**Problem to work on:** All lines from the one that contains "2018《财务与会计》预习考点:金融工具" through the close of the entries below are to be repeated exactly, without any pictures.

>>>>>

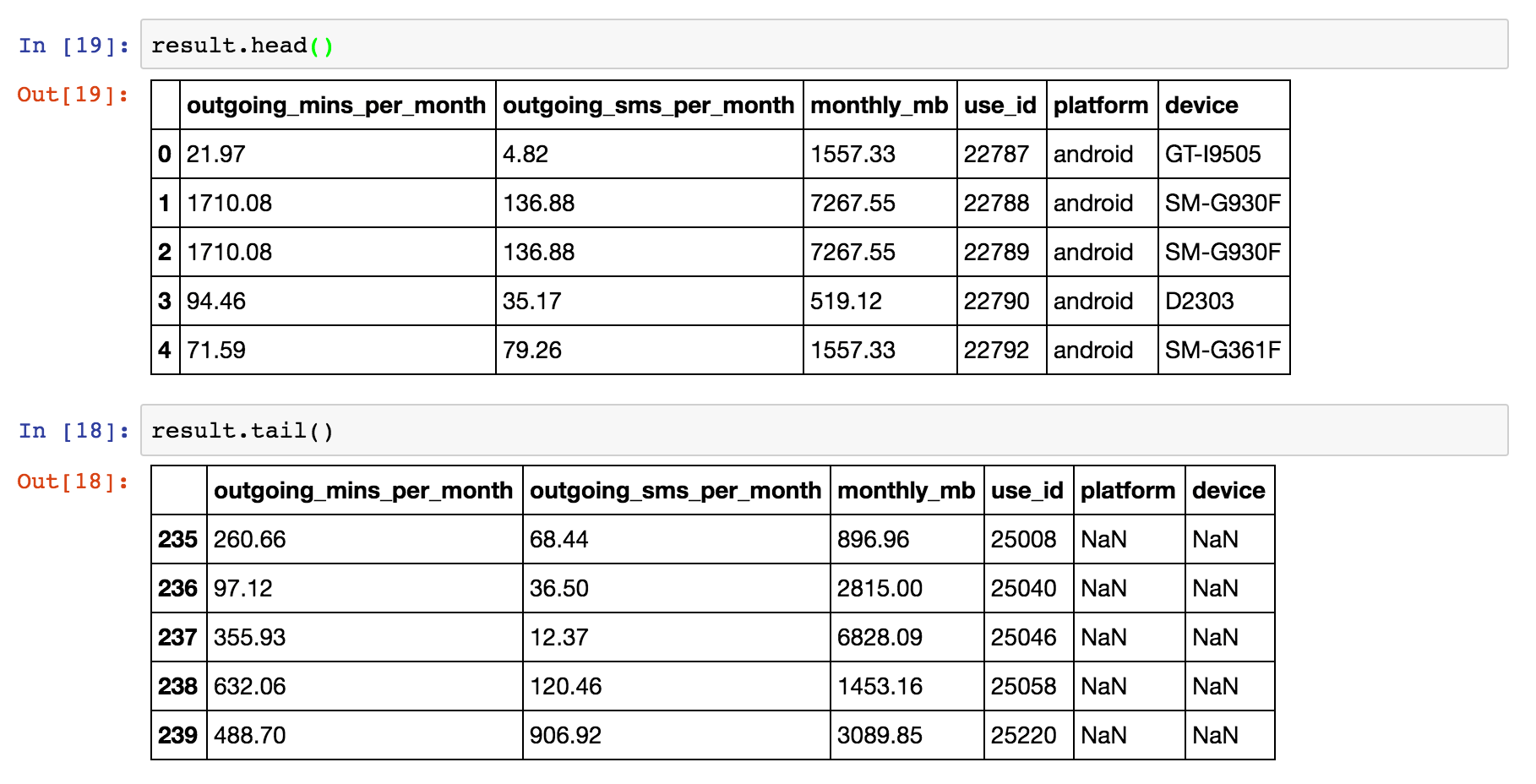 Learn to Merge and Join DataFrames with Pandas and Python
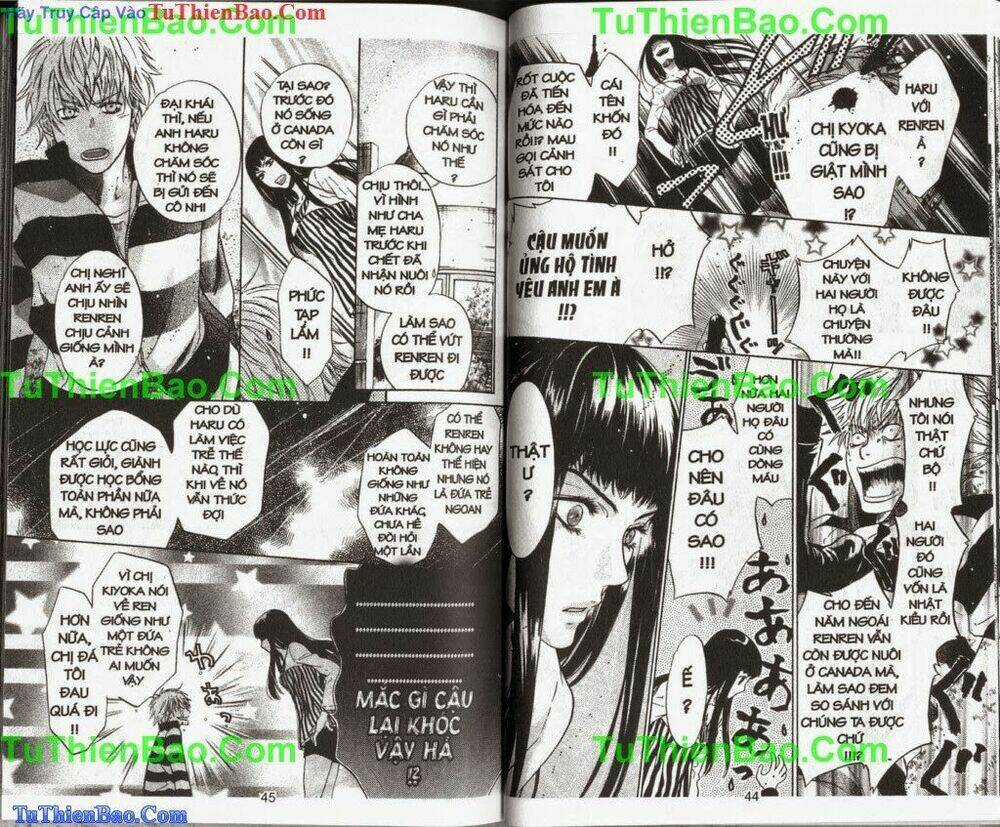 Siêu Tình Yêu - Supper Lovers Chapter 3 trang 22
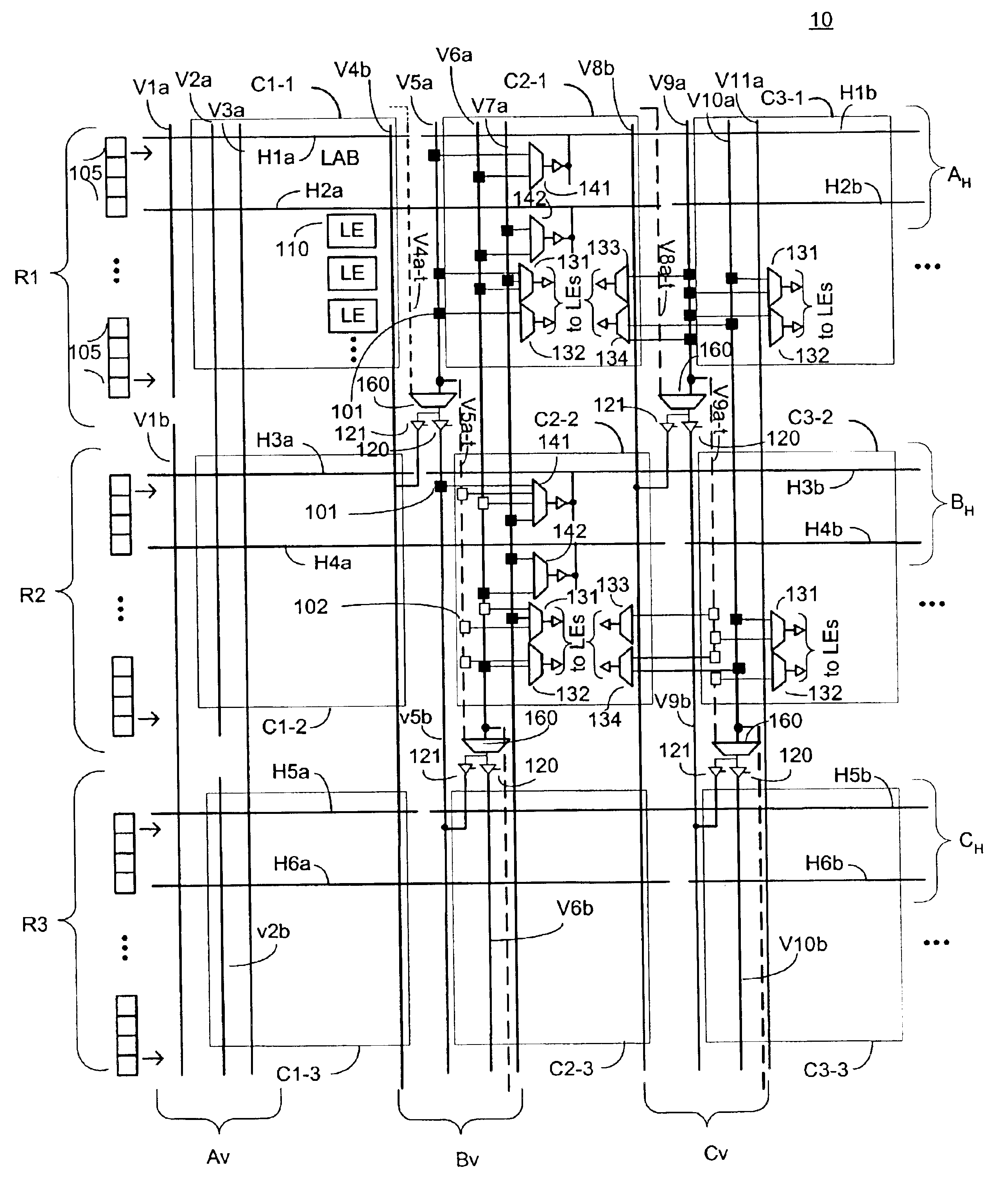 Programmable logic device with redundant circuitry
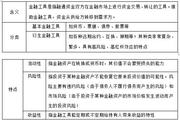 2018《财务与会计》预习考点:金融工具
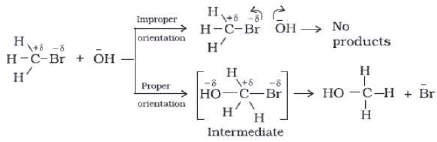 Collision Theory & Variations in Arrhenius Equation - Notes | Study Chemistry Class 12 - NEET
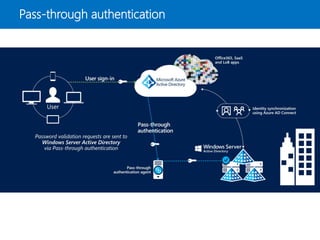 Pass-through authentication
 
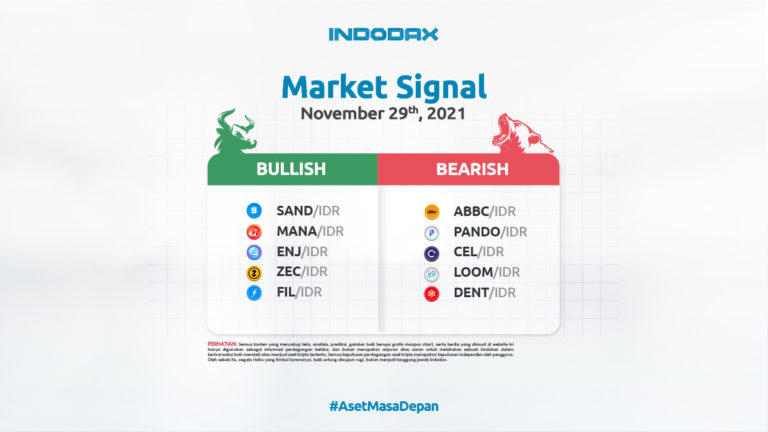 Indodax Market Signal 29 November 2021 – Metaverse Merajai Pasar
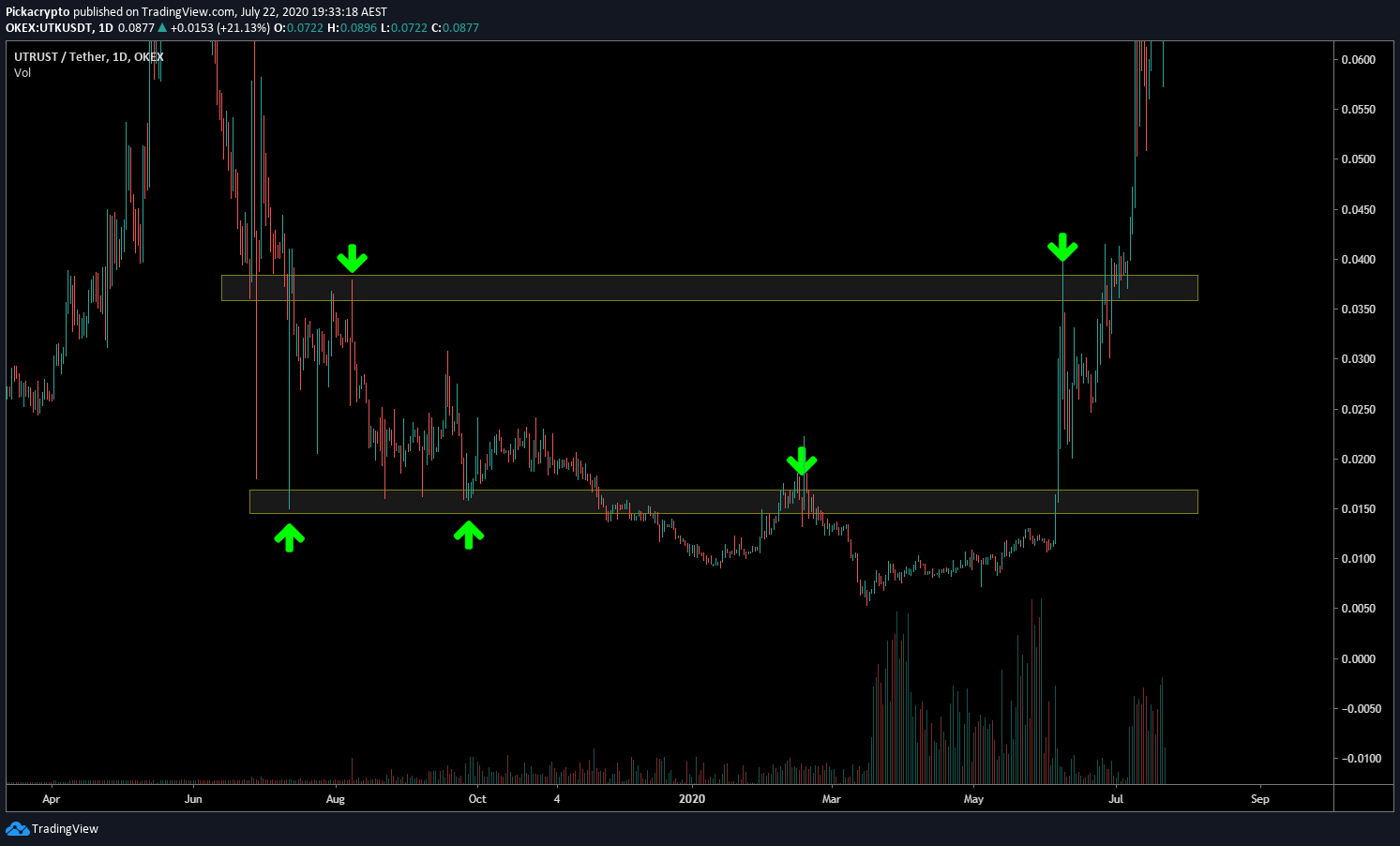 Utrust UTK Price Prediction Technical Analysis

<<<<<

**Exercise output:**
 2018《财务与会计》预习考点:金融工具
 Collision Theory & Variations in Arrhenius Equation - Notes | Study Chemistry Class 12 - NEET
 Pass-through authentication
 
 Indodax Market Signal 29 November 2021 – Metaverse Merajai Pasar
 Utrust UTK Price Prediction Technical Analysis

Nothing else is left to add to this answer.